Vickers, I didn't realize that, unbelievable! That's positive only, not even neutral?
No wonder he has 100%


----------



## HO2GO (Feb 21, 2015)

Dyno Dom said:


> Vickers, I didn't realize that, unbelievable! That's positive only, not even neutral?
> No wonder he has 100%


Everyone that buys on ebay has 100%. I only buy, have never sold on ebay. I don't think it's a fair system where the buyer can leave negative feedback and the seller can't. When I buy items I pay as soon as I purchase; or find out I've won an auction.

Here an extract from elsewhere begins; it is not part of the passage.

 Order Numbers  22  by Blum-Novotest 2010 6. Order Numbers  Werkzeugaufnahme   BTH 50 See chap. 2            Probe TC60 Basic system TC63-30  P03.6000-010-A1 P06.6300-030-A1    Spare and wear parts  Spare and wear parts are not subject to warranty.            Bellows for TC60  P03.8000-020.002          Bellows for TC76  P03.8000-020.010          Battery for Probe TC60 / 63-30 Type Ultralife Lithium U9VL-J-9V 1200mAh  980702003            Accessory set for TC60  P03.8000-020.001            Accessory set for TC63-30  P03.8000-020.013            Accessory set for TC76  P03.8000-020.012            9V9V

It's the way I'd want to be treated if I was selling.  Tetsuo.


----------



## GT40 (Jan 18, 2014)

Gentlemen 
Wow I didn't know that, I only buy stuff on evil bay I have had pretty good luck so far that being said there been a couple sellers that should not be there they were scammers all
the way and E'BAY WOULD NOT LET ME leave any negative fed back, they want you to work it out, I felt like telling them you can't fix stupid, liars and scammers.
If I was a seller I'd never ever ship anything with out the money in my account first
it's not that I don't trust people but you have no idea who's trying to scam you 
One thing that bugs me is the shipping, why can they combine the shipping even add a buck or two, make the buyer have a good feeling about the buy, you would thing it would help with returning customers, I know if the seller wants/will work with me I'd come back again, the non combing fool no way I would ever come back.
Tell me sellers how do you feel about this practice

gt40


----------



## rdm95 (May 8, 2008)

vickers83 said:


> Because you can`t leave negative feedback for a buyer. You have to post positive, Then tell the world what a deadbeat he is! :thumbsup:


Problem with this is that eBay considers them "False Positives" which aren't allowed and they'll be removed if the buyer complains about it, and then you get in trouble for posting it. Actually, it's best to not leave feedback for them at all. Opening an unpaid item claim against them is the worst a seller can do to dead beats, which doesn't sound like much, but if they get too many of them in a certain amount of time, their account is suspended atleast. To help protect yourself against this, be sure to set up bidder requirements for the items you list so you can reduce the number of dead beats that are able to bid and/or win them.. It's not much, but it helps some..


----------



## urnuts (Jul 3, 2012)

*I buy and sell....*

Depending on the costs involved, I just move on.
Somebody bought two 1/43 Mustangs last week.... never paid and some guy bid and won two Matchbox trucks. Mustangs were $10 and the two trucks were $18.
More trouble than it's worth to even deal with it.
If it's ..... maybe $25, 30 or so.... I'll ask for the final listing fees back from ebay.
There are enough good people on it- to heck with the jerks.... and there are a bunch of them.
Ebay has a LOT of faults- amazes me that nobody has ever really challenged them.


----------



## Dyno Dom (May 26, 2007)

Well I did follow up with a claim for non-pay but did not want to add to his 100%
positive reviews. An additional seller has most recently added 4 ++++ for,
you guessed it---NON PAY! Apparently he does have a history of a year & more
for a fondness to NOT pay, especially for multiple wins. He hails from Virginia Beach.


----------



## RjAFX (Oct 26, 2014)

I sold one item on ebay. A cell phone, as soon as it was delivered the buyer claimed it was flawed. He got his money back and I got his broken screen put into my phone. 
ebay could care less after talking to them 5-6 times on the phone. I got a bad review and I can't say a word about it or him.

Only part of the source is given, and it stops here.